Love wave

Model

We assume the following subsurface resistivity distribution with 4 layers:

Layer #	thickness (m)	$V_s(km{s}^{-1}$)	$\rho (gc{m}^{-3}$)
1	8000	4	2
2	4000	3.5	2
3	8000	4.2	2
4	$\mathrm{\infty }$	7.65	2

The LWModel is defined as :

vs = [3.2, 4.39731, 4.40192, 4.40653, 4.41113, 4.41574]
ρ = [2.6, 3.38014, 3.37797, 3.37579, 3.37362, 3.37145]
h = [20.0, 20.0, 20.0, 20.0, 20.0] .* 1e3
m = LWModel(vs, h, ρ)

1D Love Wave Model
┌───────┬────────┬──────────┬───────────┬──────────┐
│ Layer │     vₛ │        h │         z │        ρ │
│       │ [km/s] │      [m] │       [m] │ [kg⋅m⁻³] │
├───────┼────────┼──────────┼───────────┼──────────┤
│     1 │   3.20 │ 20000.00 │  20000.00 │      2.6 │
│     2 │   4.40 │ 20000.00 │  40000.00 │     3.38 │
│     3 │   4.40 │ 20000.00 │  60000.00 │    3.378 │
│     4 │   4.41 │ 20000.00 │  80000.00 │    3.376 │
│     5 │   4.41 │ 20000.00 │ 100000.00 │    3.374 │
│     6 │   4.42 │        ∞ │         ∞ │    3.371 │
└───────┴────────┴──────────┴───────────┴──────────┘

Code for this figure

fig = Figure()
ax = Axis(fig[1, 1]; xlabel="Vs (km/s)", ylabel="depth (m)", backgroundcolor=(
    :magenta, 0.05))

plot_model!(ax, m)

Warn

Always use Float64 or Float32 types while defining the vectors for velocities, densities and thickness. Using Int will throw an InexactError, e.g. : InexactError: Int64(4193.453970907305)

Response

To obtain the response, that is the dispersion curve c. We first need to define the frequencies :

freq = exp10.(-2:0.1:1)
T = inv.(freq)

31-element Vector{Float64}:
 100.0
  79.43282347242813
  63.09573444801933
  50.11872336272722
  39.810717055349734
  31.622776601683796
  25.118864315095795
  19.9526231496888
  15.848931924611133
  12.589254117941675
   ⋮
   0.6309573444801932
   0.5011872336272724
   0.39810717055349726
   0.31622776601683794
   0.251188643150958
   0.199526231496888
   0.15848931924611132
   0.1258925411794167
   0.1

and then call the forward dispatch and get SurfaceWaveResponse:

resp = forward(m, T)

Code for this figure

fig = Figure() #size = (800, 600))
ax = Axis(fig[1, 1]; backgroundcolor=(:magenta, 0.05), aspect=AxisAspect(1))

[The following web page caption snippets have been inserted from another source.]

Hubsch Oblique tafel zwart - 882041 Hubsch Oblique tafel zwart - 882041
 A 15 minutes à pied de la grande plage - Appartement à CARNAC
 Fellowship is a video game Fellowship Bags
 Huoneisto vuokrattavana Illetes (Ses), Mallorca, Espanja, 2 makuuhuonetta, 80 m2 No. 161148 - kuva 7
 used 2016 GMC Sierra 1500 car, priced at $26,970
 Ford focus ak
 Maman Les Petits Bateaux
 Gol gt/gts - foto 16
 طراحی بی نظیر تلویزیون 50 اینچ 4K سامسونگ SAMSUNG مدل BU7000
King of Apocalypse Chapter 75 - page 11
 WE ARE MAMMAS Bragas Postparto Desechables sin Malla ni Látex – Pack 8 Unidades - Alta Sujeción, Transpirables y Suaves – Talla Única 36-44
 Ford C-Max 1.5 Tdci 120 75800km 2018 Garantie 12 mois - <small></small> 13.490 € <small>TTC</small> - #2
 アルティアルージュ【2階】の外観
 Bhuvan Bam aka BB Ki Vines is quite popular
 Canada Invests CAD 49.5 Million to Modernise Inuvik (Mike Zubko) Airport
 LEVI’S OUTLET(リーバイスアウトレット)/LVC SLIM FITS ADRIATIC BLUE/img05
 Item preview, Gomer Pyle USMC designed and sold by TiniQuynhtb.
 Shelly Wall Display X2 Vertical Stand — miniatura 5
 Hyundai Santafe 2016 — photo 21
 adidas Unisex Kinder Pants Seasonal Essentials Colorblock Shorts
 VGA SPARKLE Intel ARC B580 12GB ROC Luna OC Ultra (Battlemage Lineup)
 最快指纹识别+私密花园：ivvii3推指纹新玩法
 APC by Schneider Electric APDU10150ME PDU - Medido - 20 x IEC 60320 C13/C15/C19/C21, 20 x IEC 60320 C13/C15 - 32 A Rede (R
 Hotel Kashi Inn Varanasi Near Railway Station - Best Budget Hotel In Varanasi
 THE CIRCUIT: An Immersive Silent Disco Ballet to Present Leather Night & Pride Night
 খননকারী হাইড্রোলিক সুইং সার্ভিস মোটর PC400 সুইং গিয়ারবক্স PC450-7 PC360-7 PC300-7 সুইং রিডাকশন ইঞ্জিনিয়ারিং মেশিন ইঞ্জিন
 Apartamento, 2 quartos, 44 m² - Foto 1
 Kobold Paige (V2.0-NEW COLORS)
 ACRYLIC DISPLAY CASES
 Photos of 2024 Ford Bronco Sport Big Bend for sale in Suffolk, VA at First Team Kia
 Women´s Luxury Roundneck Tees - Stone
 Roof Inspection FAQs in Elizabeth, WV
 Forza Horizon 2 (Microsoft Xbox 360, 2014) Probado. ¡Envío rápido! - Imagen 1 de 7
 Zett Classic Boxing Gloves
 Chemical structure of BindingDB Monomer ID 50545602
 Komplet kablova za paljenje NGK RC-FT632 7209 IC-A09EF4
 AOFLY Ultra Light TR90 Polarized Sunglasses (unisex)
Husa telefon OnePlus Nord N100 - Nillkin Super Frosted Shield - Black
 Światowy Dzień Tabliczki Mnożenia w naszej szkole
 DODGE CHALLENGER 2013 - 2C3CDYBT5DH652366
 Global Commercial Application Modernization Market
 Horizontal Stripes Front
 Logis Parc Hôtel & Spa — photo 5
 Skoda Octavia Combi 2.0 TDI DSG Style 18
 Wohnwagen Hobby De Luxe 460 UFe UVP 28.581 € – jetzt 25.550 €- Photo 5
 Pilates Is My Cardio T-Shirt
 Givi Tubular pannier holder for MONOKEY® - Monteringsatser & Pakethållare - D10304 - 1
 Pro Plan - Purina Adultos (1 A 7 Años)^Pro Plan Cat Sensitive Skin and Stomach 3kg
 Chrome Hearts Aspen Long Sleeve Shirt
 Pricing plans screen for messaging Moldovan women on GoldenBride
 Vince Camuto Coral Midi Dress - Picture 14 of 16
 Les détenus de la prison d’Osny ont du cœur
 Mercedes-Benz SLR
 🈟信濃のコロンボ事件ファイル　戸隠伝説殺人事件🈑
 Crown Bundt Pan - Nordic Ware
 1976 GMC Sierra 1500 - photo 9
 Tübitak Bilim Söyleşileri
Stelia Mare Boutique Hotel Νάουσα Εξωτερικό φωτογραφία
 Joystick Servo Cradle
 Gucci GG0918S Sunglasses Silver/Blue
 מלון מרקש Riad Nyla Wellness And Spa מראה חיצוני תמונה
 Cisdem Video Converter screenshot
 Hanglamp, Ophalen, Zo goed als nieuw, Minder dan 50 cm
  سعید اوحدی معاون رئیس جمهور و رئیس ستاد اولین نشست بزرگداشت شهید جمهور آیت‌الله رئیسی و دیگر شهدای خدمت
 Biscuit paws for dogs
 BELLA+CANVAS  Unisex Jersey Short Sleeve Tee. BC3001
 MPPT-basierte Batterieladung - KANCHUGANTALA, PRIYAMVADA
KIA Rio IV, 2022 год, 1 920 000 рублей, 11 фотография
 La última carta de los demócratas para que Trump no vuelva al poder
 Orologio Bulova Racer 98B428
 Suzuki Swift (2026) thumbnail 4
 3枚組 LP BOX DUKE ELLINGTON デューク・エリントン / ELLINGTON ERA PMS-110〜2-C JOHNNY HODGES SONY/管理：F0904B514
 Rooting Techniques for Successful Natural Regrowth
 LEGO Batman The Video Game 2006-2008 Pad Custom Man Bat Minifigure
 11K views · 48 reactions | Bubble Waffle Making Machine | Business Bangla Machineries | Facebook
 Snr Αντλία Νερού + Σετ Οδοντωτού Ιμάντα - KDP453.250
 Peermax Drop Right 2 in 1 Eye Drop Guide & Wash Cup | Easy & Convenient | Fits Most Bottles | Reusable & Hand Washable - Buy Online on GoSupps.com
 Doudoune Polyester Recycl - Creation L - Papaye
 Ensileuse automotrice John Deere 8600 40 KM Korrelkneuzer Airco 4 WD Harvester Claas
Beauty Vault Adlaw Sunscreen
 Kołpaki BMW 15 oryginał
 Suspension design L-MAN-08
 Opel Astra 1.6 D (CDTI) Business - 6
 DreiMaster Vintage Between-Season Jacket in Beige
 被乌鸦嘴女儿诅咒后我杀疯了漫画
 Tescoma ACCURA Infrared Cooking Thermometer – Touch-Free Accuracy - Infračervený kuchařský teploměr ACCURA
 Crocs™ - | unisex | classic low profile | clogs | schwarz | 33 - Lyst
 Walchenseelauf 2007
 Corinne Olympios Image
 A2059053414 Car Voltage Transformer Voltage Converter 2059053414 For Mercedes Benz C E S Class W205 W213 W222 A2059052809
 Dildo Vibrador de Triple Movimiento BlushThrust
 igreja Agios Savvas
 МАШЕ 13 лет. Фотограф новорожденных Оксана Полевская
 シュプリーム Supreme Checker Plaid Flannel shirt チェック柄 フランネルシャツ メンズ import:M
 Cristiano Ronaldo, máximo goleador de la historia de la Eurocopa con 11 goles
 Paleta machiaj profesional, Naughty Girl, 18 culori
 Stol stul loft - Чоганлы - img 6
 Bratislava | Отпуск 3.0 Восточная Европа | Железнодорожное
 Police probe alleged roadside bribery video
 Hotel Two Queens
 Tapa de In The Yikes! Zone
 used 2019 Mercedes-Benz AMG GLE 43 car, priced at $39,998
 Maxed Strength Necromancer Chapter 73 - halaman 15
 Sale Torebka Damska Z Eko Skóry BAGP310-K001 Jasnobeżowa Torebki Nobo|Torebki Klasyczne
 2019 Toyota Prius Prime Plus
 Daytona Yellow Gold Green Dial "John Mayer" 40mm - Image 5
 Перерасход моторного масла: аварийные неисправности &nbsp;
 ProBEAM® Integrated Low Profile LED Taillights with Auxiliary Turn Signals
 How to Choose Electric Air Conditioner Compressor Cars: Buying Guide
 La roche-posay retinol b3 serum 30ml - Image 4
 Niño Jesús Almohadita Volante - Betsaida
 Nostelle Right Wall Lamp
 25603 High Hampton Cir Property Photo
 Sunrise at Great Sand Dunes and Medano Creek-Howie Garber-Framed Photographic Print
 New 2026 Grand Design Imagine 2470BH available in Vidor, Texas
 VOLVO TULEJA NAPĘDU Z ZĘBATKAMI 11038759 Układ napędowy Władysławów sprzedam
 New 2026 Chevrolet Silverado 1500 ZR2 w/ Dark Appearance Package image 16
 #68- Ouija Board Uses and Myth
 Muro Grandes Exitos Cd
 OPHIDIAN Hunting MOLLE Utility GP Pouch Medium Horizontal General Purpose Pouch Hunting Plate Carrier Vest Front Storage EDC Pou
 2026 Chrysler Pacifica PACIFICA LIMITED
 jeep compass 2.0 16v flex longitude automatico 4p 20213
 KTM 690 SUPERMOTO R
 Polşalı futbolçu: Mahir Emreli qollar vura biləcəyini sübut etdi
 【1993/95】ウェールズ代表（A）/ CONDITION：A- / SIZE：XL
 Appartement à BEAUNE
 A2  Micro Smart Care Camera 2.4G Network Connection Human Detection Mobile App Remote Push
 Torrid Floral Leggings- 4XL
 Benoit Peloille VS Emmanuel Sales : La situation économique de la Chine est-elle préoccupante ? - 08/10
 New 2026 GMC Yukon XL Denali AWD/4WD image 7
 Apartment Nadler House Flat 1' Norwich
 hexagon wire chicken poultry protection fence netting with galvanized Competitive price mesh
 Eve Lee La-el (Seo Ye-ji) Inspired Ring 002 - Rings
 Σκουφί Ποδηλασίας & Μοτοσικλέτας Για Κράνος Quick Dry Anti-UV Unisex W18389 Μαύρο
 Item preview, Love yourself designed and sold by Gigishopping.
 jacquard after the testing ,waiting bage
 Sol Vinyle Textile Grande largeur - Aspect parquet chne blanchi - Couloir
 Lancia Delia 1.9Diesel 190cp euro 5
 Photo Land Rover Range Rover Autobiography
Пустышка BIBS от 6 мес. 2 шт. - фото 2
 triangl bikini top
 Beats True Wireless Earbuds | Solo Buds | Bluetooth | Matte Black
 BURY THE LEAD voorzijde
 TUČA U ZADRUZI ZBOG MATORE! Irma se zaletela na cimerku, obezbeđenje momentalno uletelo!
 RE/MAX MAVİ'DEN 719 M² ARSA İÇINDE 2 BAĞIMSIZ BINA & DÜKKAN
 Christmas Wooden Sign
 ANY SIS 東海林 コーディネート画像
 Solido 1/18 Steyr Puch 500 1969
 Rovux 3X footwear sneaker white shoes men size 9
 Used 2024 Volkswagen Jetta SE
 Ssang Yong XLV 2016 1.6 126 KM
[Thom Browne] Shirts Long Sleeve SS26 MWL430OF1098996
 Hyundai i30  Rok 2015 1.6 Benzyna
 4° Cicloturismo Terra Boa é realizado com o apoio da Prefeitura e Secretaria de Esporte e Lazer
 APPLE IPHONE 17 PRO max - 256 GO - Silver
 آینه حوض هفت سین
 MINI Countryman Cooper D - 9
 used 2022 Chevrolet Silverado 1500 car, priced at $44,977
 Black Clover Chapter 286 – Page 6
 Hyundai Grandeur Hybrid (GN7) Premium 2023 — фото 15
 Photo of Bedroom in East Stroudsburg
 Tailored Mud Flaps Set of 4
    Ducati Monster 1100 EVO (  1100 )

plot_response!([ax], T, resp; plt_type=:scatter)

Note

By default, the forward response calculates the phase velocity at fundamental mode. This information is passed through params.

default_params(RWModel)

(mode = 0, dc = 0.01, dt = 0.001, type = Val{:phase}())

Various symbols are defined as :

• mode : fundamental mode corresponds to 0, higher modes correspond to 1,2,...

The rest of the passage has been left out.